◆ Aim of the exercise
Keep the images out while you set down the data exactly.

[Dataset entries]
━━━━

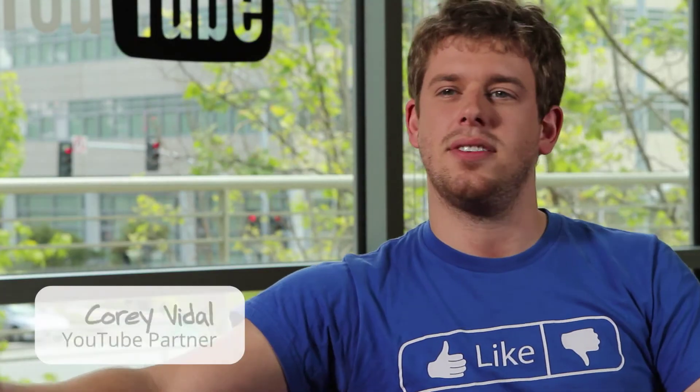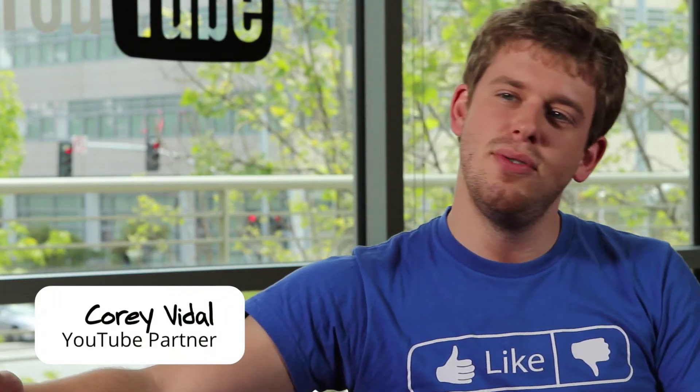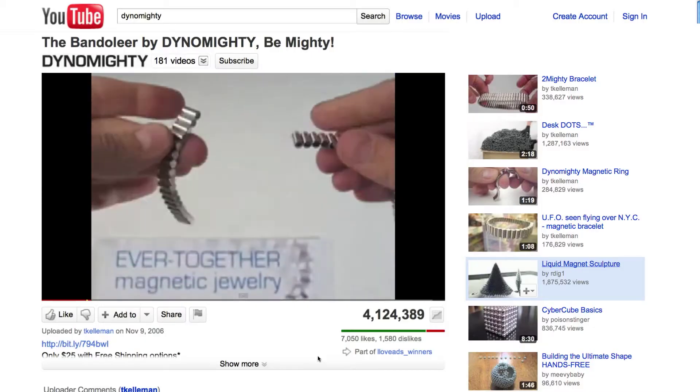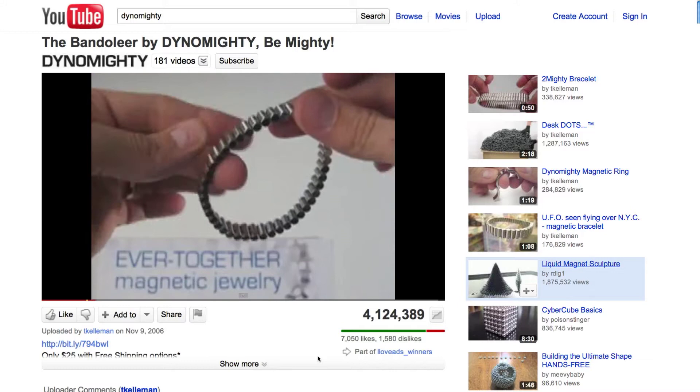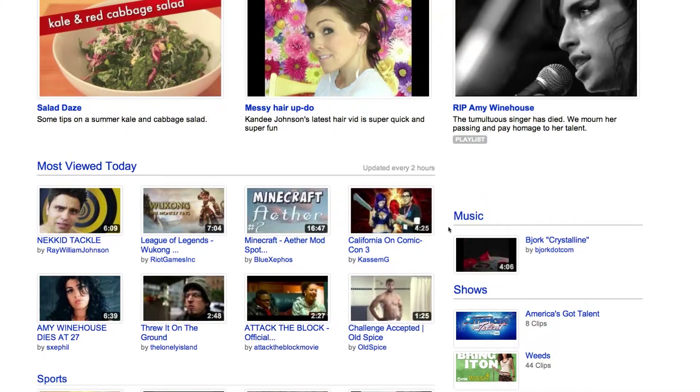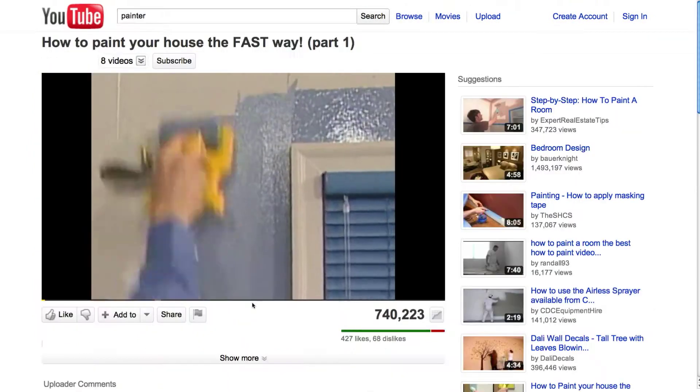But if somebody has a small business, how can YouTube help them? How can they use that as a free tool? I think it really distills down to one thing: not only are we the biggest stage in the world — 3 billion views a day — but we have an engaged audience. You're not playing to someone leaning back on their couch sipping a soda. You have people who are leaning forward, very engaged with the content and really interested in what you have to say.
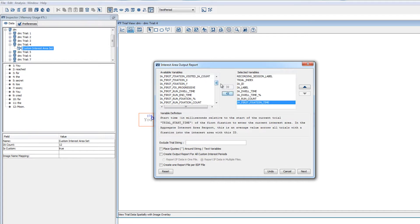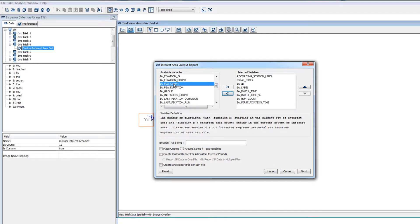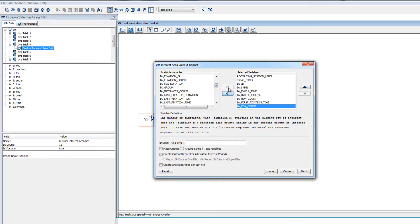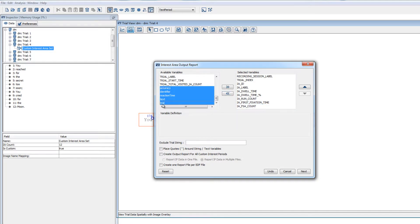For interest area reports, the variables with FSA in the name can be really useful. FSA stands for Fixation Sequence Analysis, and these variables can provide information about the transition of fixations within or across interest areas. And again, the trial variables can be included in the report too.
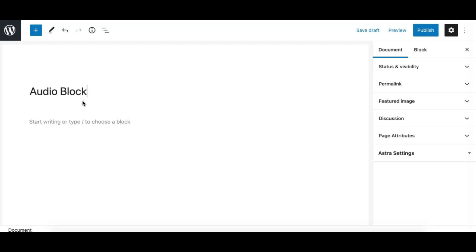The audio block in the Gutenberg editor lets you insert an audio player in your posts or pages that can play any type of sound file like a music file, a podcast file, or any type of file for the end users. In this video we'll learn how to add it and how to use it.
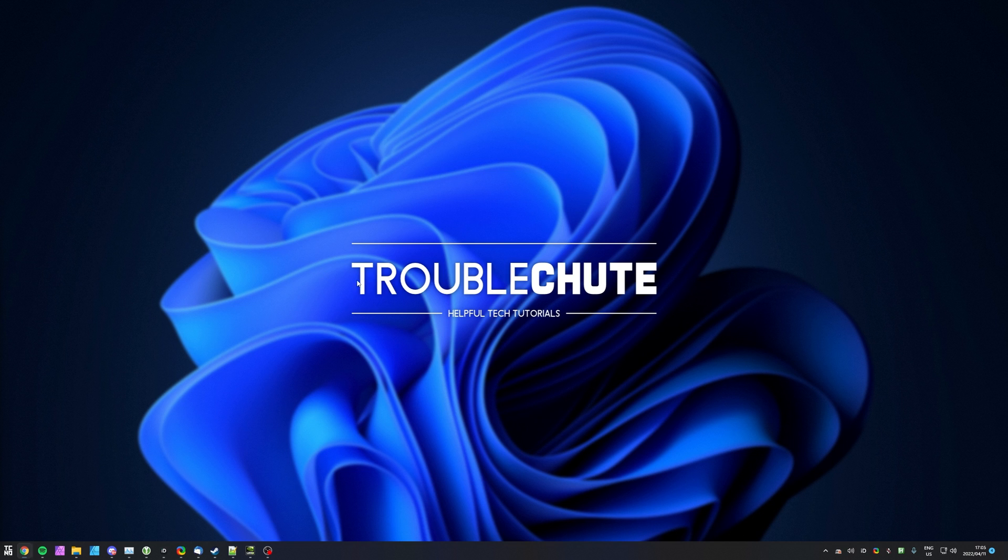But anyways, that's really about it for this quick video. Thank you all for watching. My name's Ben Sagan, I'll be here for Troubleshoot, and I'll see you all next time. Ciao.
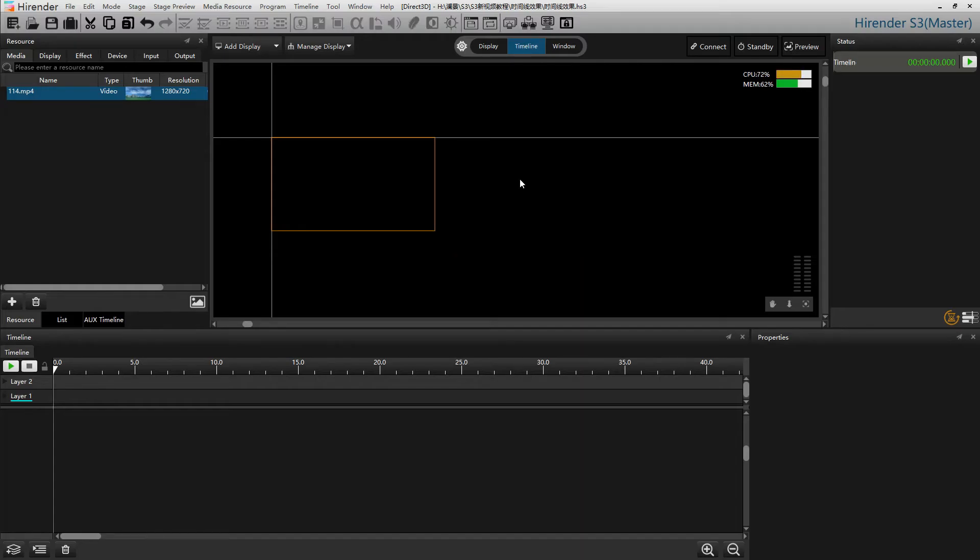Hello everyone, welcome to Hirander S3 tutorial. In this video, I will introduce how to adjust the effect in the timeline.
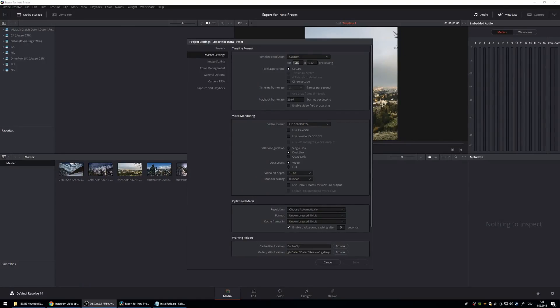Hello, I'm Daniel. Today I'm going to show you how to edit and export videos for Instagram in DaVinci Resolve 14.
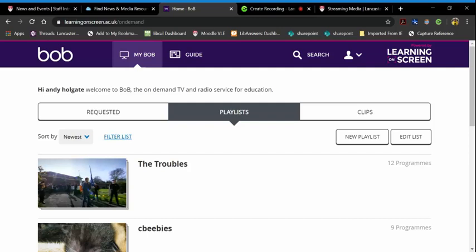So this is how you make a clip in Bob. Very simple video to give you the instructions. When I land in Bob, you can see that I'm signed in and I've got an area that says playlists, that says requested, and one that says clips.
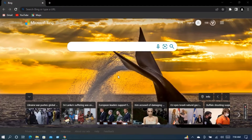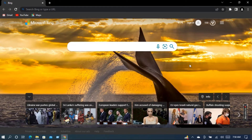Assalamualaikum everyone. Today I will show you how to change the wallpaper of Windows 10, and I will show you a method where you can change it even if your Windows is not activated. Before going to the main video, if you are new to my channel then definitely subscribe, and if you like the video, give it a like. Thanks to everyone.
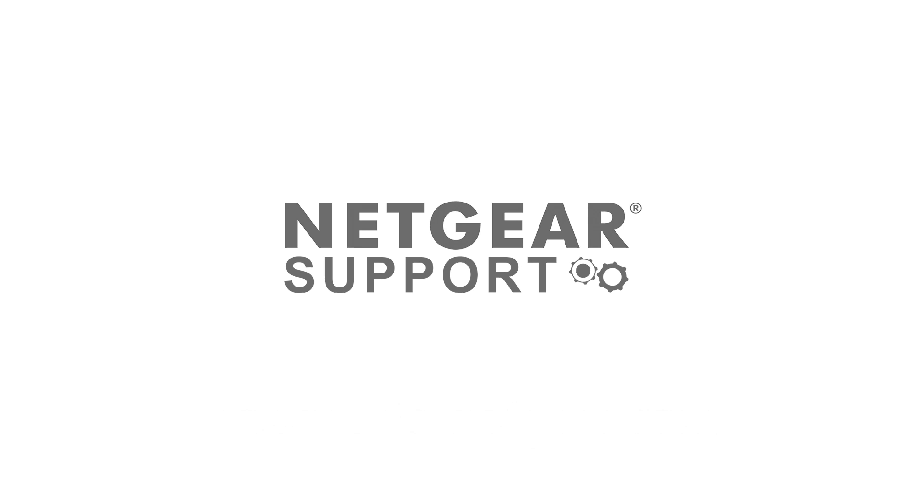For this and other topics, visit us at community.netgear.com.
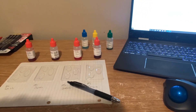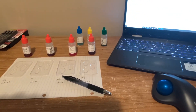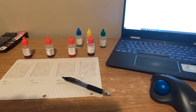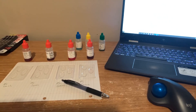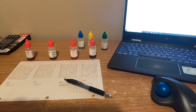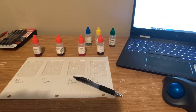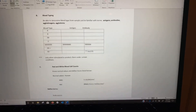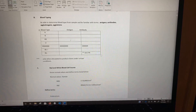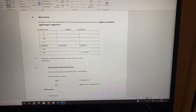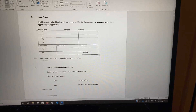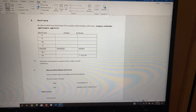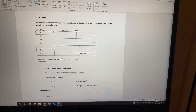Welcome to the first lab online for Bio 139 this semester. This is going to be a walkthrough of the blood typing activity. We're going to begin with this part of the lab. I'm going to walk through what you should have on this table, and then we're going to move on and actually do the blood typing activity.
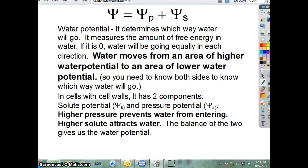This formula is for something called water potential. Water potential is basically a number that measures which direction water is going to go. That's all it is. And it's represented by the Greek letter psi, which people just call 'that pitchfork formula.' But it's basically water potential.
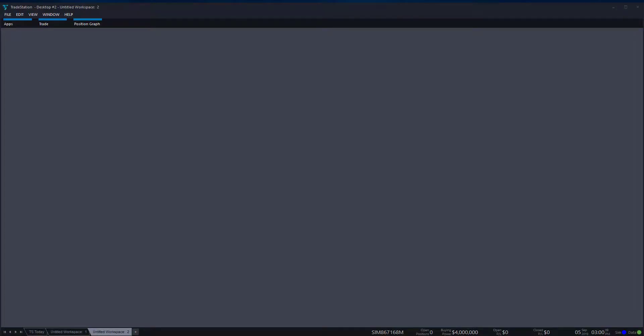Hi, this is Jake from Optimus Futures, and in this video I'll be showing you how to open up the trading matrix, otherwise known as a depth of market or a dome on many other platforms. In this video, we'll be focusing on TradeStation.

━━━━

◆ Task solution
But if somebody has a small business, how can YouTube help them? How can they use that as a free tool? I think it really distills down to one thing: not only are we the biggest stage in the world — 3 billion views a day — but we have an engaged audience. You're not playing to someone leaning back on their couch sipping a soda. You have people who are leaning forward, very engaged with the content and really interested in what you have to say.
For interest area reports, the variables with FSA in the name can be really useful. FSA stands for Fixation Sequence Analysis, and these variables can provide information about the transition of fixations within or across interest areas. And again, the trial variables can be included in the report too.
The audio block in the Gutenberg editor lets you insert an audio player in your posts or pages that can play any type of sound file like a music file, a podcast file, or any type of file for the end users. In this video we'll learn how to add it and how to use it.
But anyways, that's really about it for this quick video. Thank you all for watching. My name's Ben Sagan, I'll be here for Troubleshoot, and I'll see you all next time. Ciao.
Hello everyone, welcome to Hirander S3 tutorial. In this video, I will introduce how to adjust the effect in the timeline.
Hello, I'm Daniel. Today I'm going to show you how to edit and export videos for Instagram in DaVinci Resolve 14.
So this is how you make a clip in Bob. Very simple video to give you the instructions. When I land in Bob, you can see that I'm signed in and I've got an area that says playlists, that says requested, and one that says clips.
Assalamualaikum everyone. Today I will show you how to change the wallpaper of Windows 10, and I will show you a method where you can change it even if your Windows is not activated. Before going to the main video, if you are new to my channel then definitely subscribe, and if you like the video, give it a like. Thanks to everyone.
For this and other topics, visit us at community.netgear.com.
Welcome to the first lab online for Bio 139 this semester. This is going to be a walkthrough of the blood typing activity. We're going to begin with this part of the lab. I'm going to walk through what you should have on this table, and then we're going to move on and actually do the blood typing activity.
This formula is for something called water potential. Water potential is basically a number that measures which direction water is going to go. That's all it is. And it's represented by the Greek letter psi, which people just call 'that pitchfork formula.' But it's basically water potential.
Hi, this is Jake from Optimus Futures, and in this video I'll be showing you how to open up the trading matrix, otherwise known as a depth of market or a dome on many other platforms. In this video, we'll be focusing on TradeStation.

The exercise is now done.